Organisation Antipattern - Build Feature Branching - 3

When F1 is completed the amount of modified code means a lengthy code review by a non-F1 developer and some rework are required before F1 can be merged into Trunk + F2 + F2.1 + F3, after which it is successfully tested and released into production. The architectural changes made in F4 also mean a time-consuming code review and merge into Trunk + F2 + F2.1 + F3 + F1 by a non-F4 developer, and after testing F4 goes into production. However, a production defect is then found in F4, and a F4.1 fix for Accounting Periods is made on a release branch and merged into Trunk + F2 + F2.1 + F3 + F1 + F4 once the defect is resolved.

Organisation Antipattern - Build Feature Branching - 4

In this example F1, F2, F3, and F4 all enjoy uninterrupted development on their own feature branches. The emphasis upon short-lived feature branches reduces merge complexity into Trunk, and the use of code reviews lowers the probability of Trunk build failures. However, the F1 and F4 feature branches grow unchecked until they both require a complex, risky merge into Trunk.

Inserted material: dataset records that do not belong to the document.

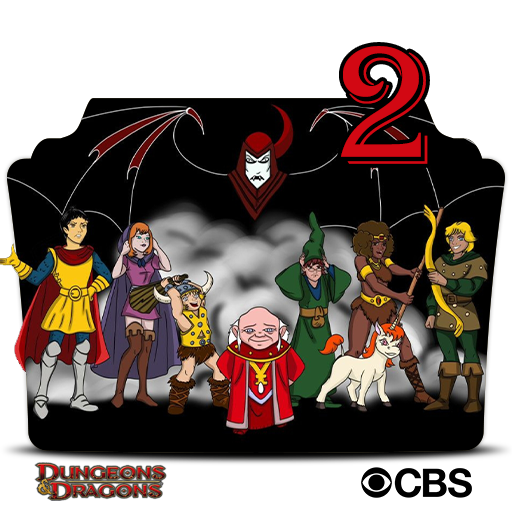 Dungeons Dragons S2 by KTSample on DeviantArt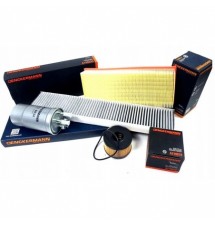 ZESTAW FILTRÓW FORD MONDEO...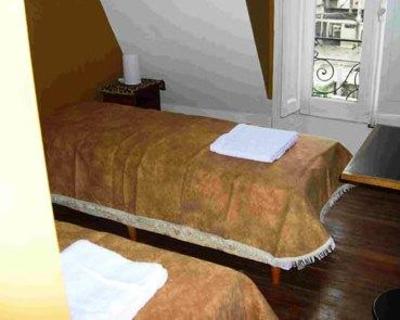 фото отеля Sudamerika Hostel & Suites Centro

The Company Accounts Service team might have used Promiscuous Integration to reduce the complexity of merging each feature branch into Trunk, but that does not prevent the same code deviating on different branches. For example, integrating F2 and F3 into F1 and F4 would simplify merging F1 and F4 into Trunk later on, but it would not restrain F1 and F4 from generating Semantic Conflicts if they both modified the same code.

Organisation Antipattern - Build Feature Branching - 4 Promiscuous Merge

This example shows how Build Feature Branching typically inserts a costly integration phase into software delivery. Short-lived feature branches with Promiscuous Integration should ensure minimal integration costs, but the reality is feature branch duration is limited only by developer discipline – and even with the best of intentions that discipline is all too easily lost. A feature branch might be intended to last only for a day, but all too often it will grow to include bug fixes, usability tweaks, and/or refactorings until it has lasted longer than expected and requires a complex merge into Trunk. This is why Build Feature Branching is normally incompatible with Continuous Integration, which requires every team member to integrate and test their changes on Trunk on at least a daily basis. It is highly unlikely every member of a Build Feature Branching team will merge to Trunk daily as it is too easy to go astray, and while using a build server to continuously verify branch integrity is a good step it does not equate to shared feedback on the whole system.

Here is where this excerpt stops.